En Inde, le recyclage des déchets est le monopole du secteur informel. La complexité de la filière, avec ses nombreux intermédiaires et ses milliers de petits ateliers, rend quasi impossible toute traçabilité. L'absence d'infrastructures et de normes de sécurité dans le secteur constitue une autre menace qui pèse sur l'environnement et la santé des travailleurs. L'un des plus grands centres de recyclage des déchets plastiques d'Asie, situé en périphérie de New Delhi, a été détruit par un incendie dans la nuit du 11 au 12 avril. Entre 400 et 500 ateliers dispersés sur 27 hectares collectaient, triaient et recyclaient des déchets plastiques venus d'Inde, d'Europe ou des Etats-Unis.

Le feu, qui n'a fait aucune victime, s'est vite propagé sur les montagnes de détritus, entassés à l'air libre, dans des terrains vagues séparés par de petits murs de brique. Les ateliers de recyclage avaient déjà été détruits par un incendie, en 1995, dans le quartier de Jwalapuri. "Combien d'autres catastrophes va-t-il falloir pour que l'Etat se mette sérieusement à installer des infrastructures pour le recyclage ?", s'interroge Satish Sinha. Les ouvriers nettoient les déchets avec des solutions chimiques rejetées à l'air libre, puis les brûlent, souvent sans masque de protection.

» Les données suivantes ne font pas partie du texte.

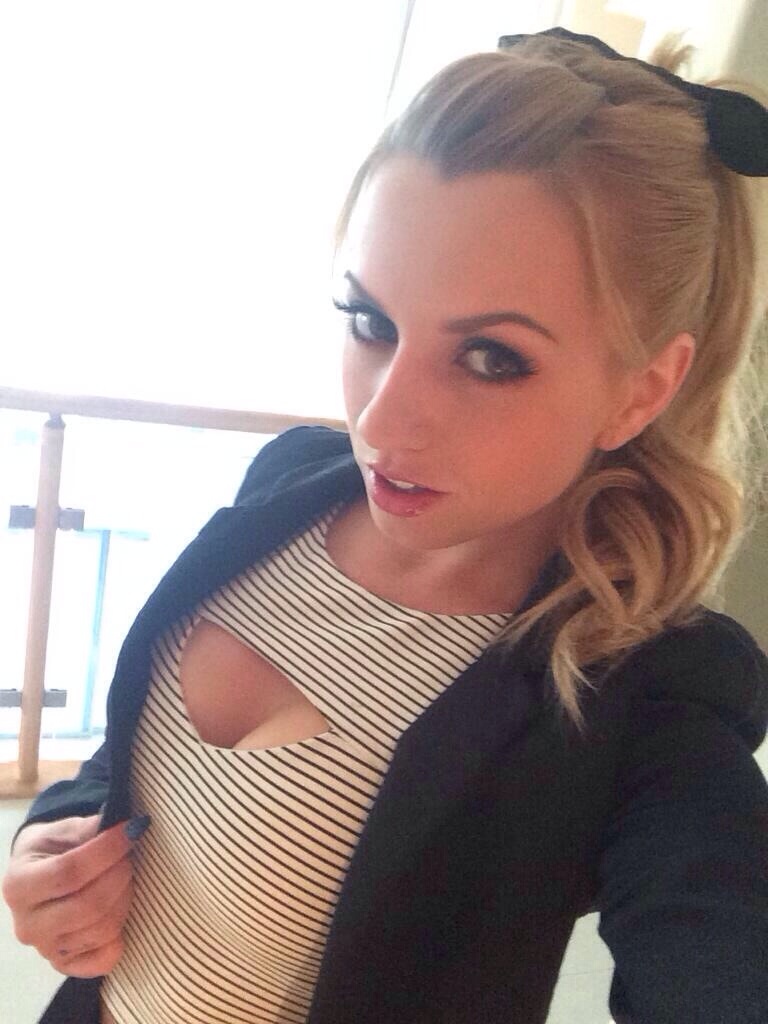 Best of Lexi belle selfie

Le pays est l'une des destinations de recyclage les moins chères d'Asie, ce qui lui permet d'importer des déchets du monde entier. "Si l'Inde recycle autant de déchets, c'est parce que l'Occident en produit beaucoup", précise Sunita Narain, directrice du Centre pour la science et l'environnement (CSE). Quelques initiatives ont eu lieu, notamment à Bangalore, pour sortir les recycleurs du secteur informel, mais elles restent marginales. "La filière emploie surtout des travailleurs pauvres, peu qualifiés. Le gouvernement est réticent à imposer des normes strictes, car des milliers d'emplois pourraient être sacrifiés", explique Sunita Narain.